(WHAT IS EXPECTED):
As an exercise in exact copying, transcribe the lines below from the one holding "Resin Marble Surfboards" through the last, with both ends included and pictures left out.

INFORMATION SUPPLIED: Begin

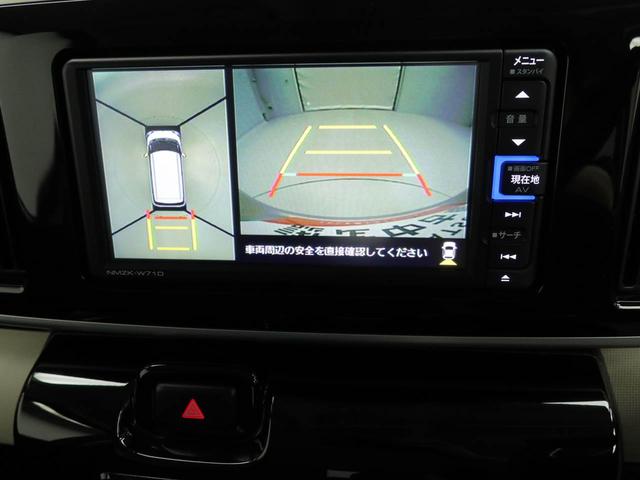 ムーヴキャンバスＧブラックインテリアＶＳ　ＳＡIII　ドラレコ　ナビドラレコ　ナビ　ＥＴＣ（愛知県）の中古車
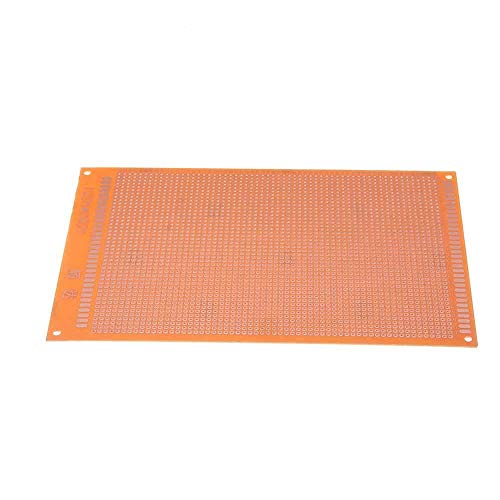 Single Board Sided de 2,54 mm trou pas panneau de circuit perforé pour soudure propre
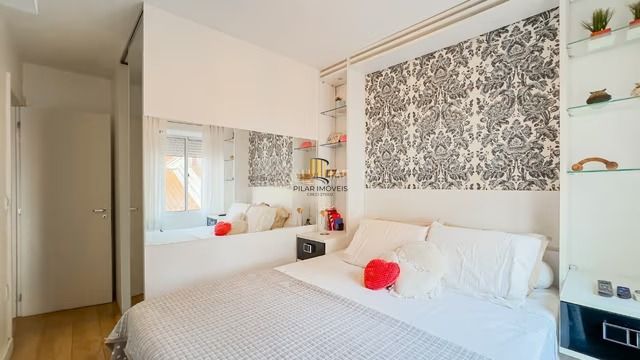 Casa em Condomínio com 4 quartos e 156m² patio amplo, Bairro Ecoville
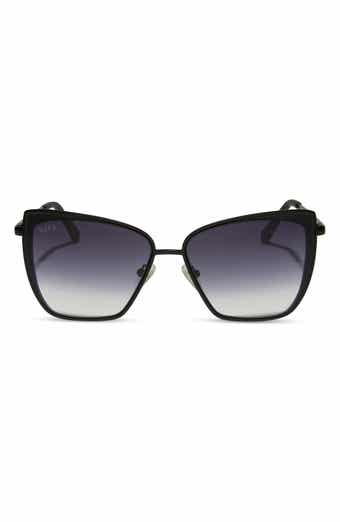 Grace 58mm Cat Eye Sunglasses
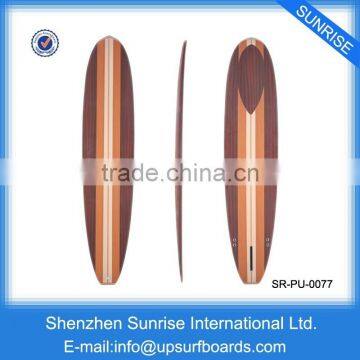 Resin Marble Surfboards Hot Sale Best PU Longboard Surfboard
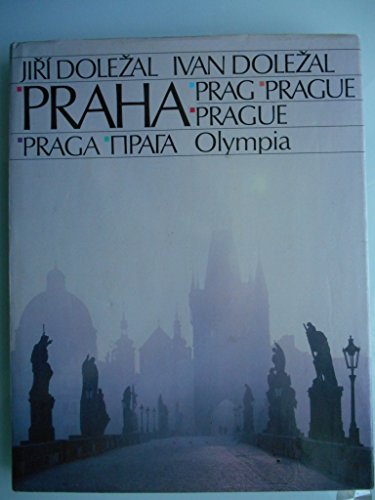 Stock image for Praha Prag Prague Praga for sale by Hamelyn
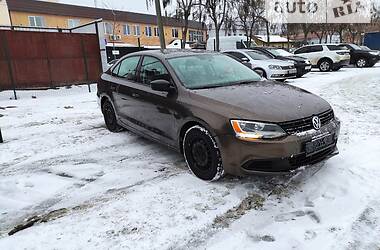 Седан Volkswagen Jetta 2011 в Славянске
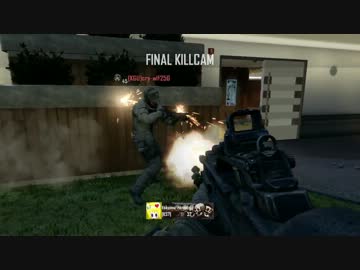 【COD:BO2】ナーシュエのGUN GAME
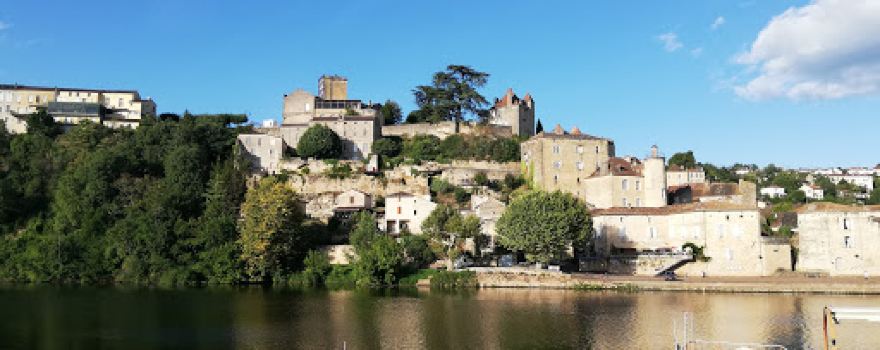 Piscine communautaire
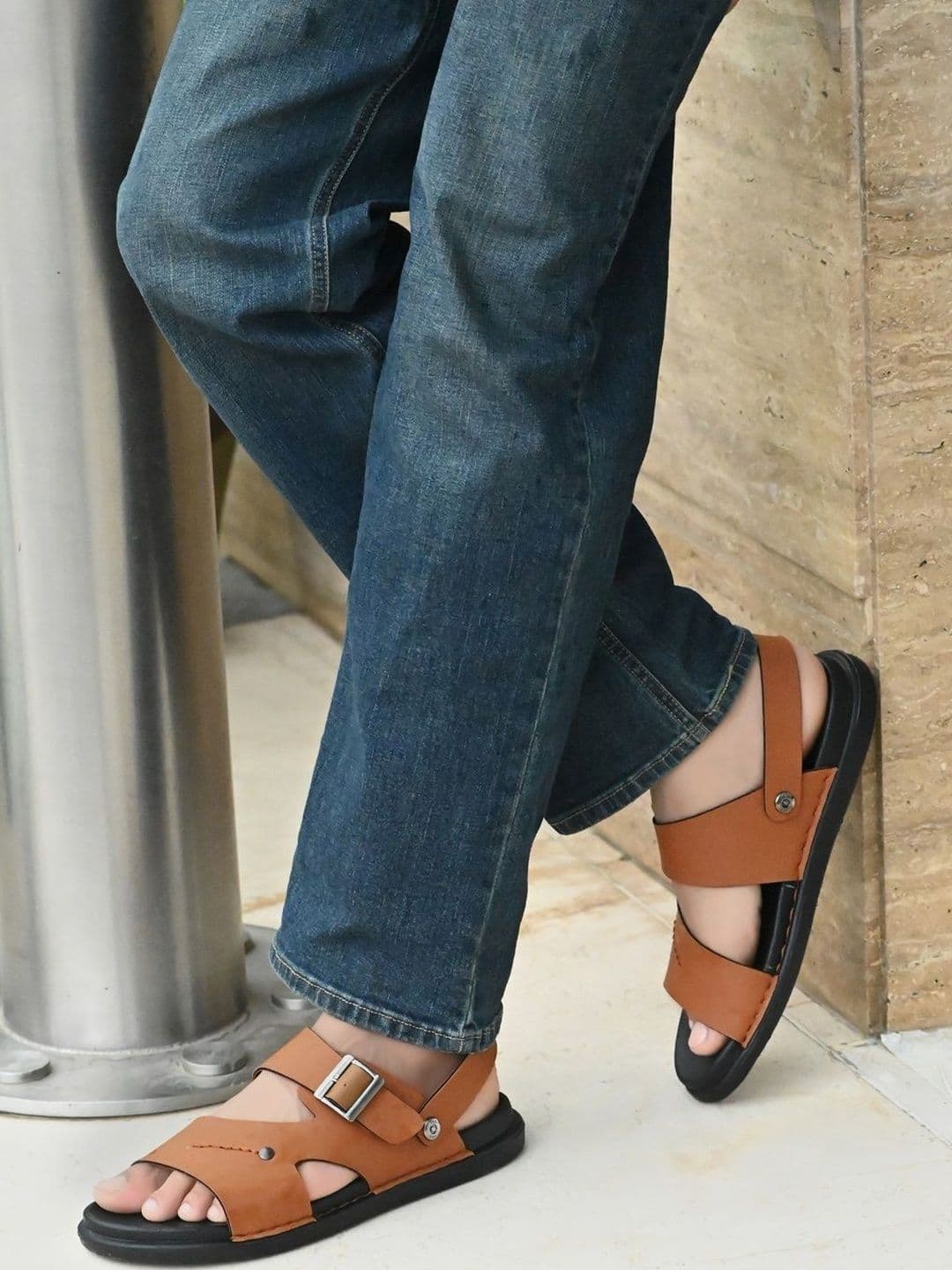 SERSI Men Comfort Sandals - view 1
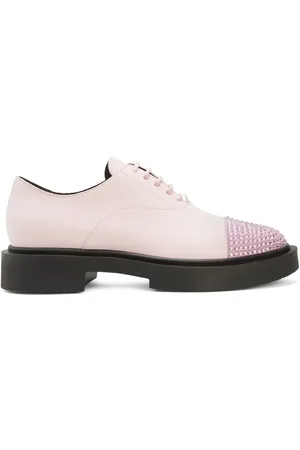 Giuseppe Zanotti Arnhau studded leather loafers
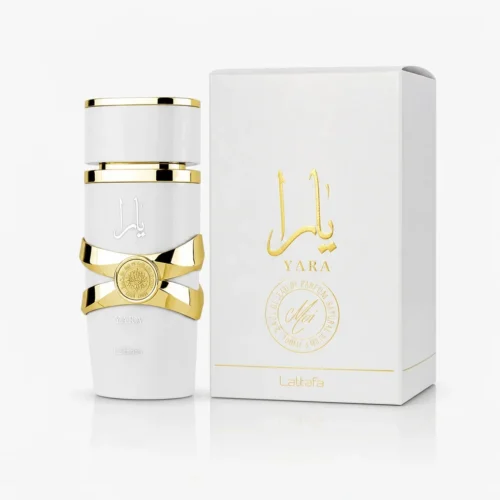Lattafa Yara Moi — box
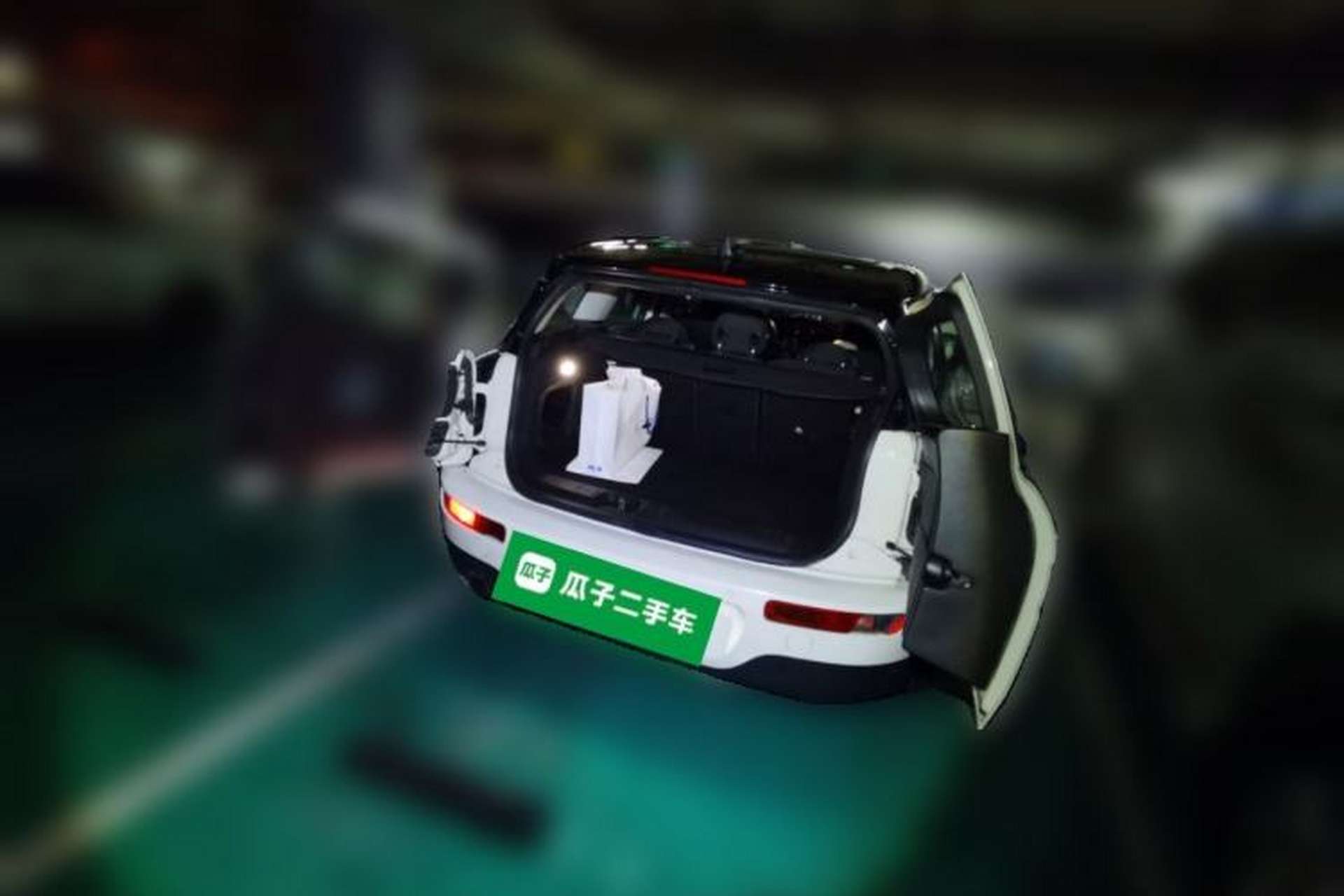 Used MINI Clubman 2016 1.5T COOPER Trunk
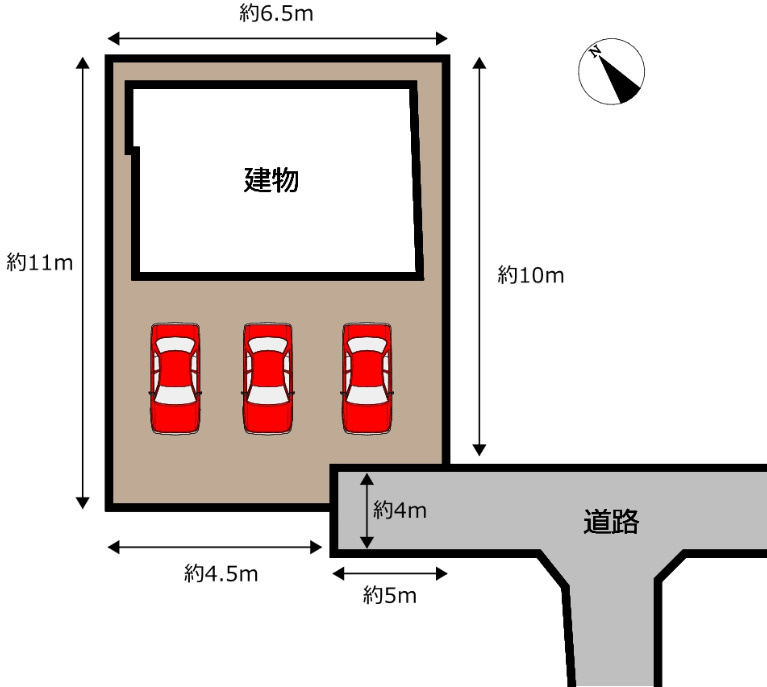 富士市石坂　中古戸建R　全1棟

INFORMATION SUPPLIED: End

(ANSWER BELOW):
 Resin Marble Surfboards Hot Sale Best PU Longboard Surfboard
 Stock image for Praha Prag Prague Praga for sale by Hamelyn
 Седан Volkswagen Jetta 2011 в Славянске
 【COD:BO2】ナーシュエのGUN GAME
 Piscine communautaire
 SERSI Men Comfort Sandals - view 1
 Giuseppe Zanotti Arnhau studded leather loafers
Lattafa Yara Moi — box
 Used MINI Clubman 2016 1.5T COOPER Trunk
 富士市石坂　中古戸建R　全1棟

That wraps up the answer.